Alexa fluor 488 conjugated goat polyclonal anti mouse immunoglobulin g igg

Immunostaining for ECM deposition in cryosectioned samples was performed using primary monoclonal antibodies for type I, II, and X collagen, aggrecan, and α-smooth muscle actin (α-SMA). Antigen retrieval was performed for all sections by incubating in 20 µg/ml proteinase K (Sigma-Aldrich) for 10 minutes at 37°C immediately prior to staining. Samples for aggrecan and collagen X immunostaining were deglycosylated with 0.75U/mL chondroitinase ABC (Sigma-Aldrich) for 1.5 hours at 37°C. Samples were blocked with Image-iT FX Signal Enhancer (Life Technologies, Carlsbad, CA) and incubated with the primary antibodies (for dilutions & vendor information, see Supplementary Table 2) overnight at 4°C. Secondary antibody binding with Alexa Fluor 488-conjugated goat polyclonal anti-mouse immunoglobulin G (IgG, Molecular Probes, Carlsbad, CA) or IgM (Molecular Probes) was performed at room temperature for 1 hour. The samples were stained with Hoechst (Sigma-Aldrich) to visualize the nuclei. Isotype controls were similarly stained using a monoclonal mouse IgG1(Abcam) or IgM (Abcam) isotype antibody (minimal signal was observed with isotype controls; data not shown).
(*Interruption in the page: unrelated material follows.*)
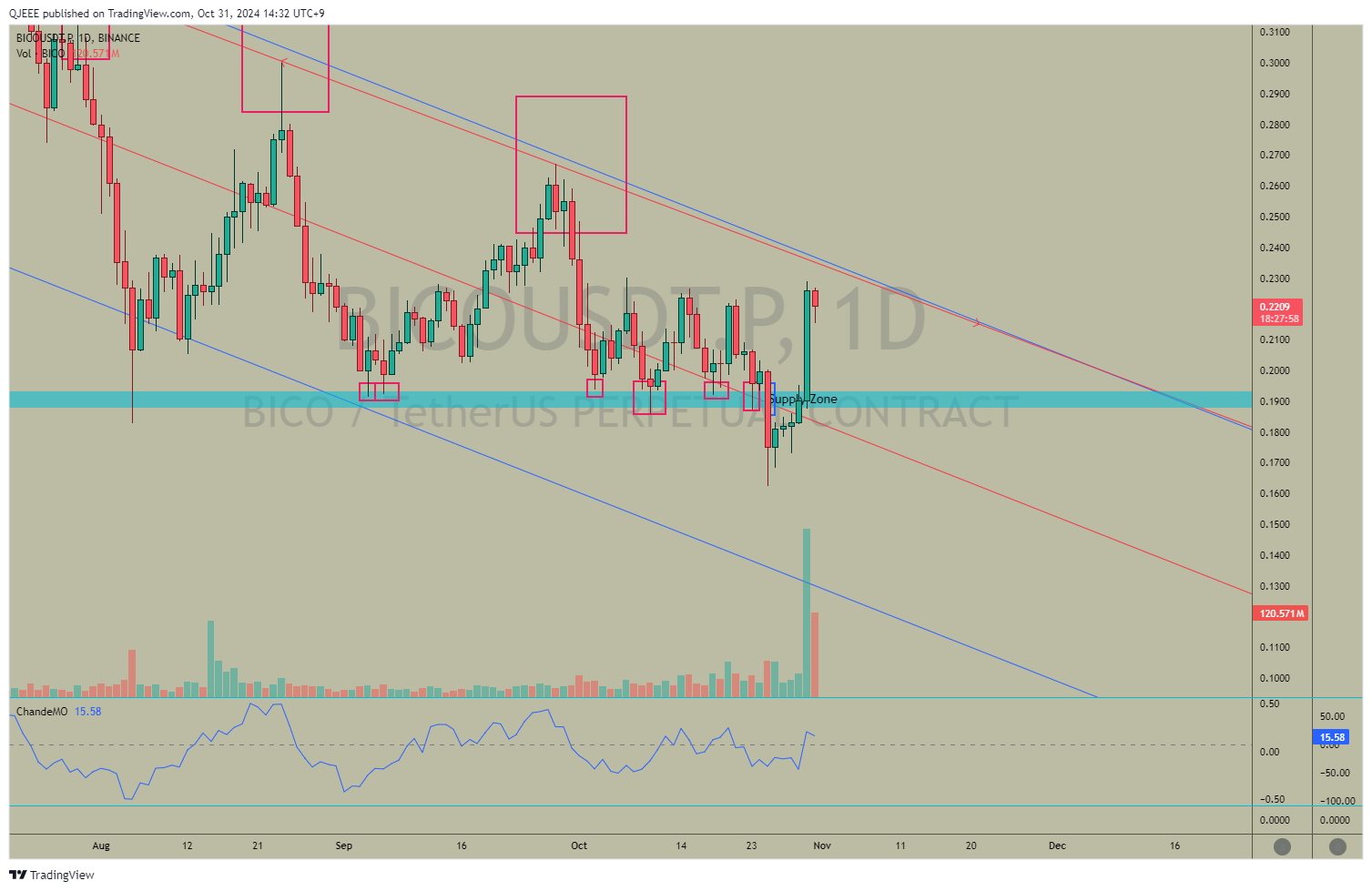 BINANCE:BICOUSDT.P Chart Image by QJEEE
For histological analysis of ATDC5 spheroids, spheroids were imbedded in Histogel, sectioned at 10 µm sections and stained with Safranin-O according to standard protocols. Immunostaining for ECM deposition was performed using primary antibodies for collagen type II (Abcam). Antigen retrieval was performed by incubating in 20 µg mL⁻¹ proteinase K (Sigma-Aldrich) for 10 minutes at 37°C, blocked with 1.5% goat serum (Fisher Scientific), and incubated with the primary antibodies at a 1:20 dilution overnight at 4°C. Secondary antibody binding with Alexa Fluor 488-conjugated goat polyclonal anti-mouse immunoglobulin G (IgG, Molecular Probes) was performed at room temperature for 1 hour. Samples were counterstained with Hoechst (Sigma-Aldrich) to visualize the nuclei.
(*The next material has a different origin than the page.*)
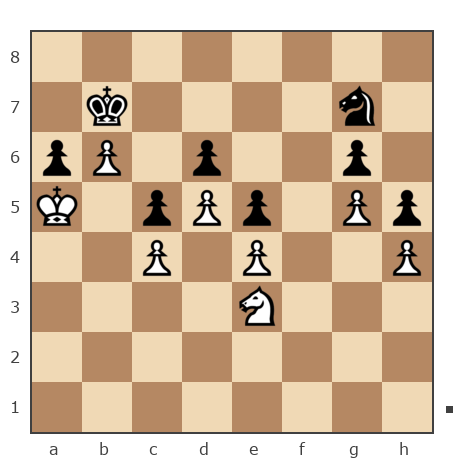 Game #7792034 - Александр Николаевич Семенов (семенов) vs Олег Владимирович Маслов (Птолемей)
For alcian blue and alizarin red staining in transwell culture, cell monolayers were rinsed in ddH₂O and fixed in 95% ice cold methanol for 30 minutes. Cells were stained with either 1% alcian blue 8GX (Sigma-Aldrich) or 2% alizarin red (Sigma-Aldrich) pH 4.2 in 0.1 M HCl for 1 hour. Cells were then rinsed with ddH₂O and imaged. Stain was extracted by incubating stained cells with solutions of 6 M guanidine-HCl (Sigma-Aldrich, alcian blue) or 5% SDS in 0.5M HCl (alizarin red) for 6 hours. Absorbance was measured at 630 and 405 nm for alcian blue and alizarin red extractions, respectively.